Tag: cancro uveale metastatico

Cancro uveale metastatico: la ricerca e le nuove frontiere

Il melanoma uveale è il tumore intraoculare primitivo più comune nell’adulto. Sebbene il trattamento iniziale dell’occhio colpito registri spesso un grande successo, circa la metà dei pazienti sviluppa nel tempo una malattia metastatica. Il cancro uveale metastatico si diffonde per via ematica, mostrando una spiccata e peculiare predilezione per il fegato, che viene coinvolto in oltre il 90% dei casi, compromettendo gravemente la prognosi.

Fino a pochi anni fa, le opzioni terapeutiche per la fase metastatica erano estremamente limitate. La chemioterapia tradizionale e l’immunoterapia standard si sono dimostrate poco efficaci a causa delle caratteristiche biologiche uniche di questo tumore, nettamente diverse da quelle del melanoma cutaneo. Tuttavia, la ricerca oncologica ha recentemente aperto la strada a una nuova era, caratterizzata da terapie mirate e approcci immunologici specifici.

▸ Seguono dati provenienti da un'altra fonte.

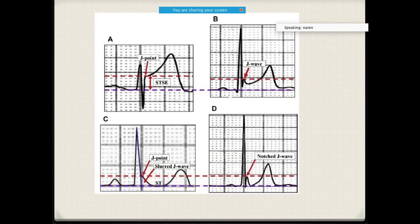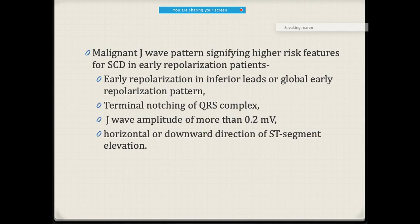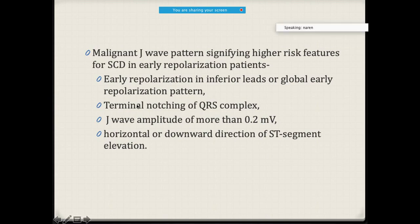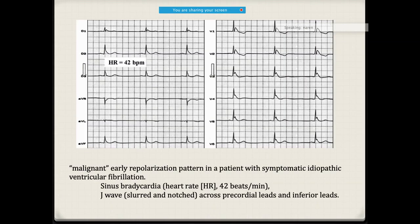So this is how it looks: this is the J-point, and this is how you call it as ST elevation or ST segment elevation. This is the J-wave — a small deflection coming almost after the QRS wave. This is the J-point, and the slurred J-wave. The malignant J-wave pattern has higher risk features for sudden cardiac death in early repolarization patients — early repolarization in the inferior leads or global early pattern — and the J-wave amplitude may be almost more than 0.2 millivolt, and terminal notching may be present.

Oggi, trattamenti innovativi come gli immunoterapici bispecifici, che reindirizzano i linfociti T contro le cellule tumorali uveali, e le terapie loco-regionali epatiche stanno ridefinendo gli standard di cura. Queste strategie permettono di rallentare la progressione della malattia e di prolungare la sopravvivenza dei pazienti. La sfida attuale si concentra sulla diagnosi precoce delle metastasi attraverso programmi di monitoraggio radiologico intensivo e sulla comprensione dei meccanismi molecolari alla base della chemioresistenza, passaggi fondamentali per personalizzare sempre più le cure e offrire nuove e concrete speranze.